Fosun International is poised to lose its 20% stake in Cirque du Soleil Entertainment Group, the latest in a series of failed overseas deals for the Shanghai-based conglomerate. A consortium of creditors is set to take control of the struggling circus operator.
Movie Hotel, a Chinese hotel brand that wants to build hotel rooms that double up as private cinemas, has secured RMB 175 million (USD 25.3 million) in a financing round backed by AlphaX Partners and crow-funding platform Duocaitou. The round includes RMB 75 million (USD 10.8 million) in equity investment and RMB 100 million (USD 14.5 million) in a credit line, according to Chao Jia, founder of Movie Hotel.
Shenzhen ExcelLand Technology, a robotics mobile platform solution provider, has gained strategic investments from two major hotel giants, Huazhu Group and BTG Homeinns Hotels Group, following its Series B+ financing round in June this year raising nearly RMB 100 million (USD 14.4 million).

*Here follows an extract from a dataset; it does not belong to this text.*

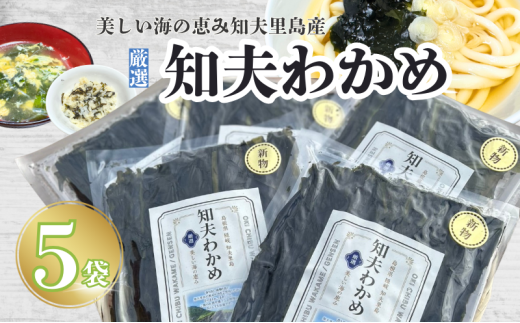 【知夫里産】養殖わかめ　5袋セット　国産　島根県　隠岐　わかめ　 2007801 - 島根県知夫村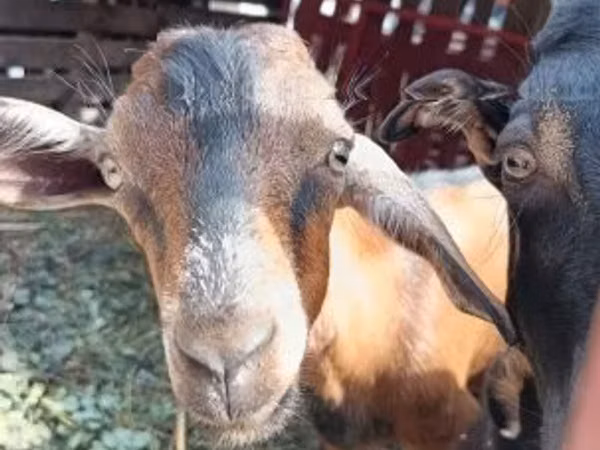 母山羊, Goats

UrCove, a hotel brand created under the joint venture of Hyatt and BTG Homeinns Hotels Group, is expected to open in October this year. Hyatt says the brand, which will be largely based in China, will provide members of its loyalty programme World of Hyatt more unique stay options to choose from and more opportunities to earn and redeem points on hotel stays.
US-based corporate travel and expense management company SAP Concur said it has teamed up with Chinese car rental company eHi, leveraing eHi's market advantage in China and combining with SAP Concur's expertise in expense management to provide customers with integrated solutions.